The bank said the 1 billion euro loss, mentioned in the letter to prosecutors, was based on an estimate it made at end January and did not refer to the potential impact of terminating the trade on its income statement.
Italy's third largest bank also said it was considering raising its damage claims against Nomura in an Italian civil lawsuit currently underway. At present, the claims stand at around 1 billion euros.
The two banks are both under investigation over the Alexandria trade in a separate criminal probe by Milan prosecutors.
The letter said the ECB had told the Italian bank the trade should be closed by July 26 "unless a proven legal impediment arose in the future as a consequence of the ongoing civil proceeding or criminal investigation."
Monte dei Paschi entered the Alexandria trade with Nomura in 2009. It turned out to be loss-making and triggered a string of judicial investigations in Italy.
In its letter to prosecutors, Monte dei Paschi said it had informal contacts with Nomura over possible terms for the closure of the trade.
Monte dei Paschi has been hit by the euro zone debt crisis and a scandal over derivative contracts, including Alexandria.
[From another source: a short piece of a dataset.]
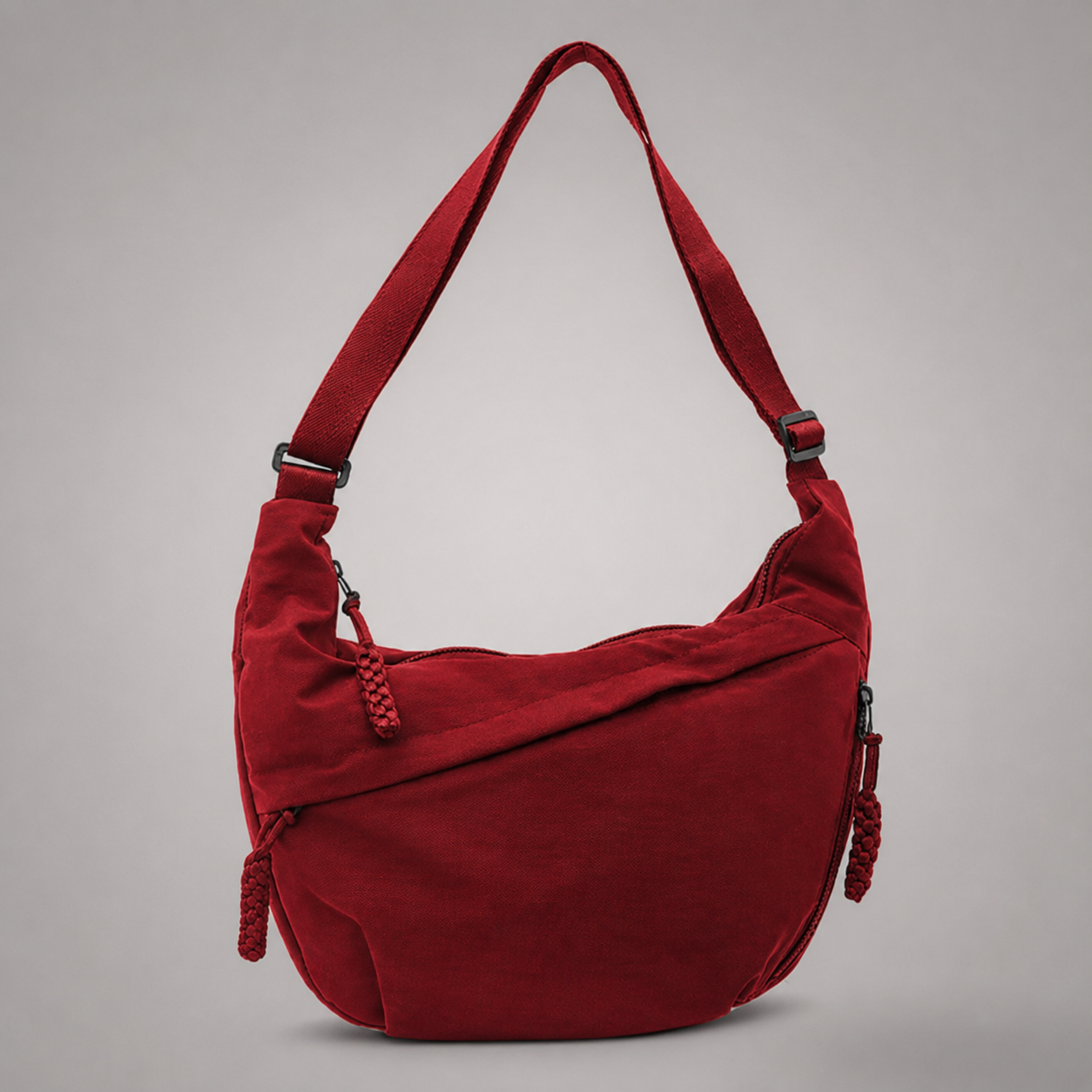 Bellucio™ | Borsa a Spalla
It emerged as the weakest lender in a Europe-wide health check of the sector last year.
After a 5 billion euro share issue last year, the bank's shareholders on Thursday approved another 3 billion euro cash call to plug the shortfall exposed by European regulators.
Monte dei Paschi has said it was breaching regulatory limits because its 3.4 billion euro exposure to Nomura, linked to the Alexandria trade, accounted for 35 percent of its capital or 10 percentage points more than allowed.
Prosecutors have said the bank's former management entered Alexandria and other derivative trades to conceal losses after stretching its finances to buy rival Antonveneta in 2007 for 9 billion euros.
Monte dei Paschi has already restated its 2012 accounts to reflect around 737 million euros in losses linked to the derivatives trades.
The bank, its former management as well as two former Nomura executives and the Japanese bank are under investigation in Milan over Alexandria for alleged false accounting and market manipulation, according to a document wrapping up the probe by Milan prosecutors and seen by Reuters.
Monte dei Paschi confirmed on Friday it and Nomura were under investigation in the probe.
As part of the investigation, prosecutors allege a Nomura manager involved in the structuring of Alexandria received a big bonus from the Japanese bank and gave some of it to his Monte dei Paschi counterpart, said two judicial sources with knowledge of the matter.
One of the sources said the alleged transaction had no criminal implication for either the Nomura or Monte dei Paschi executives involved, but could help Monte dei Paschi in its damage claims against Nomura.
Monte dei Paschi Chairman Alessandro Profumo told Thursday's shareholder meeting his bank was re-calculating the damages it was seeking from Nomura in view of the payment allegations.
"If there is someone that should be worried it is Nomura," Profumo said. "We consider ourselves the damaged party."
Nomura declined comment. It has previously denied wrongdoing and said it always acted correctly.
In the letter, Monte dei Paschi said the "legal proceedings under way would be irreparably weakened" if Alexandria was closed because it would no longer be able to pursue damages.